Data
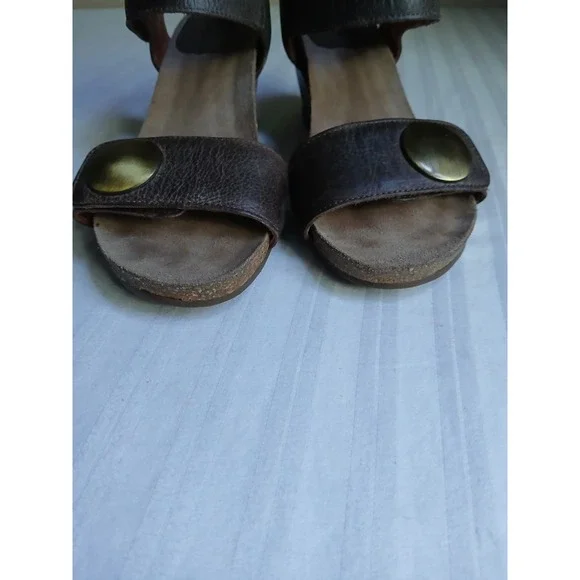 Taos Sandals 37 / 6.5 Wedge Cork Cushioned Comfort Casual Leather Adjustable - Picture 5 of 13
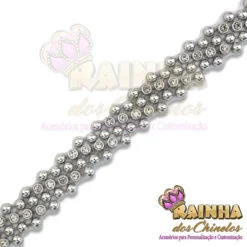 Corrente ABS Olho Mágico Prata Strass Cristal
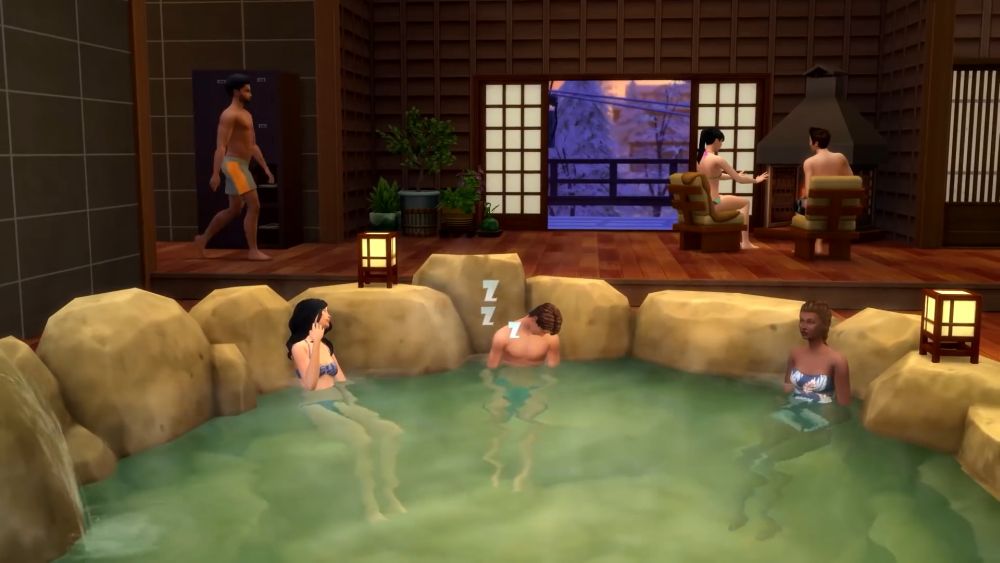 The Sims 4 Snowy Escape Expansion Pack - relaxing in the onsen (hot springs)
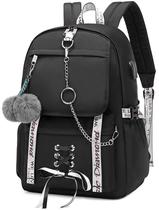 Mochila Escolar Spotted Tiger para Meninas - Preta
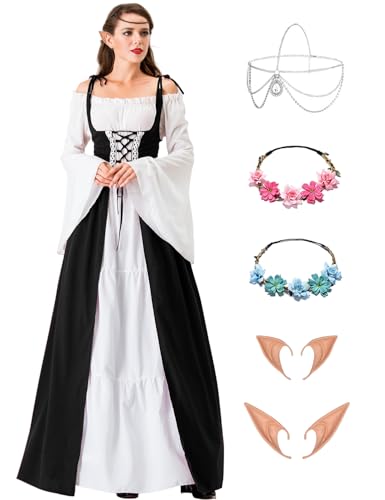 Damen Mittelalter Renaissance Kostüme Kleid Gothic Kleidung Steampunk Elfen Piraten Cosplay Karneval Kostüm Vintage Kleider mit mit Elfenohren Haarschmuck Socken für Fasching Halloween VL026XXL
...
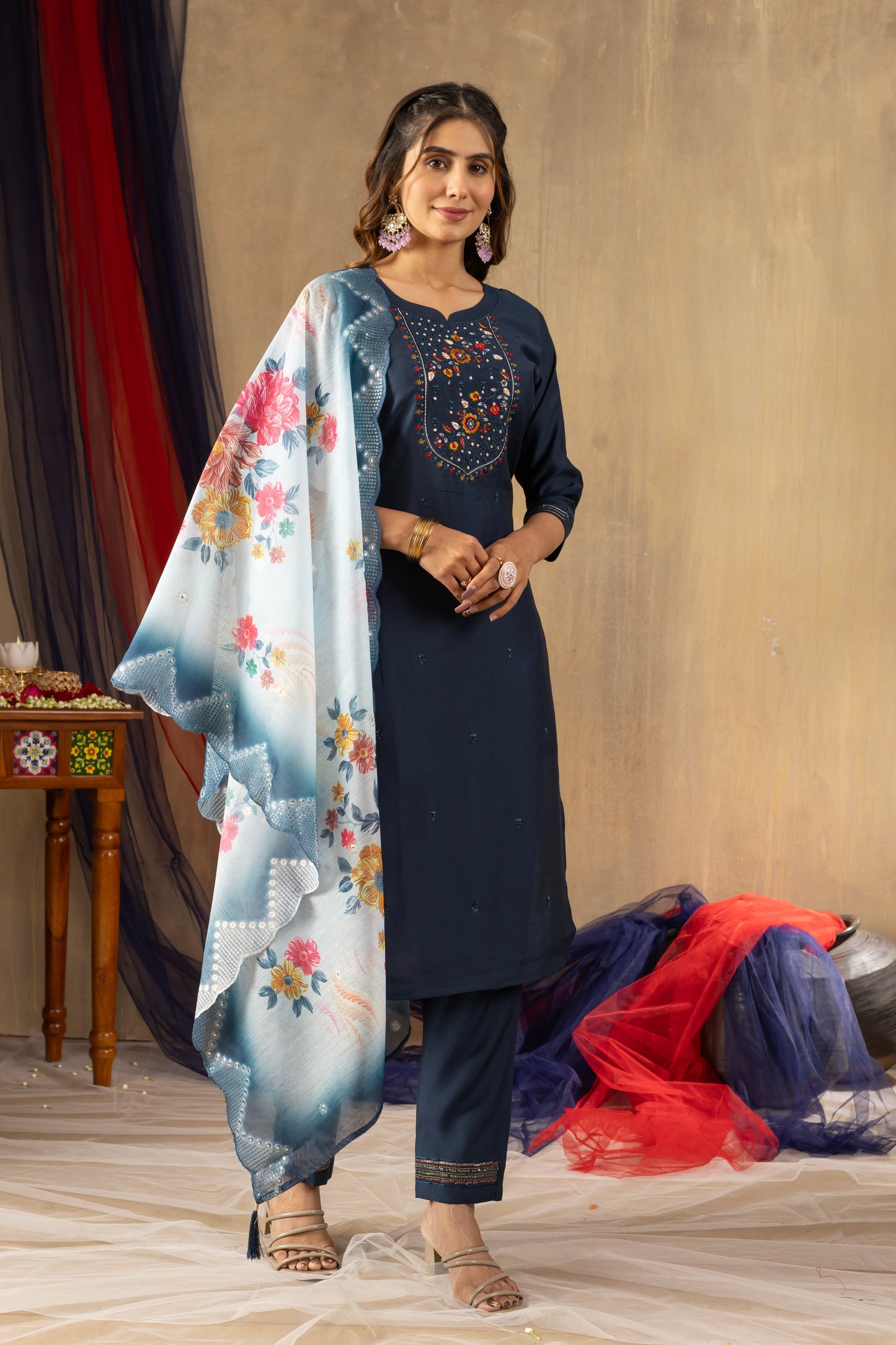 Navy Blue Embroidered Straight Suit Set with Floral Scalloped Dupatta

What this task involves
In the entries above, find the line containing "Taos Sandals 37" and the line containing "Damen Mittelalter Renaissance", then copy both and every line between them exactly, without any picture.

Result for this task
 Taos Sandals 37 / 6.5 Wedge Cork Cushioned Comfort Casual Leather Adjustable - Picture 5 of 13
 Corrente ABS Olho Mágico Prata Strass Cristal
 The Sims 4 Snowy Escape Expansion Pack - relaxing in the onsen (hot springs)
 Mochila Escolar Spotted Tiger para Meninas - Preta
 Damen Mittelalter Renaissance Kostüme Kleid Gothic Kleidung Steampunk Elfen Piraten Cosplay Karneval Kostüm Vintage Kleider mit mit Elfenohren Haarschmuck Socken für Fasching Halloween VL026XXL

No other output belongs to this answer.